Charm strings

Charm string from the Wellington County Museum in Ontario

Charm string from the Wellington County Museum in Ontario

In the latter half of the 19th Century, the fad amongst young ladies was to create a “charm string” or “memory string” of 1,000 buttons. There were two schools of thought: the first said that when you collected 1,000 buttons, your Prince Charming would appear. The other said that the Prince himself must string that last button, and if you collect it accidentally, you will be a spinster.

A find at the Costume Museum of Canada

A find at the Costume Museum of Canada

Charm strings were kept in the public rooms of the house, because the buttons were supposed to come from others–friends and family–or by trading. You couldn’t buy a charm string button.

Each button had to be unique, and shank buttons were much preferred.

""Give my button string to Sister, I'll not want it any more. E're the morrow sun is shining I'll be on the Golden Shore."

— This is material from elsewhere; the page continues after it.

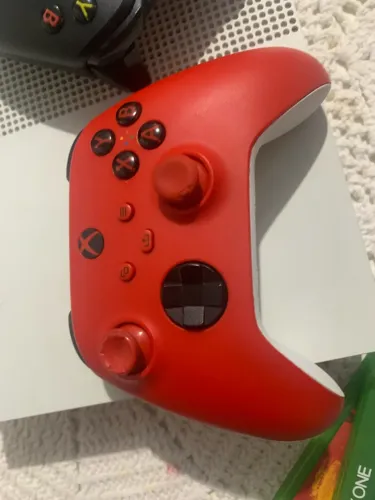 Vendo Xbox one s 1tr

“”Give my button string to Sister,
I’ll not want it any more.
E’re the morrow sun is shining
I’ll be on the Golden Shore.”

Beginning the string with a large “touch button,” girls collected the most striking buttons they could find. Paperweight, colored glass, embossed metal, and myriad others.

Great Grandma's Charmstring

Great Grandma’s Charmstring

It is rare today to find an intact charm string. As is the way with things that require the continued attention of a teenager, most were not finished. Many have been removed from their strings to be collected or sold separately.

A charming collection begins

A charming collection begins

I already have my Prince Charming, so I consider myself free of the stricture against buying buttons. Here’s the beginning of my own charm string. It is a mix of Victorian and mid-20th Century moonglow, for which I have a weakness. With only 16 buttons, already it has a lovely heft. I’ll let you know if anything interesting happens when it’s finished.

Oh, and feel free to send me pretty buttons. Shank only, please.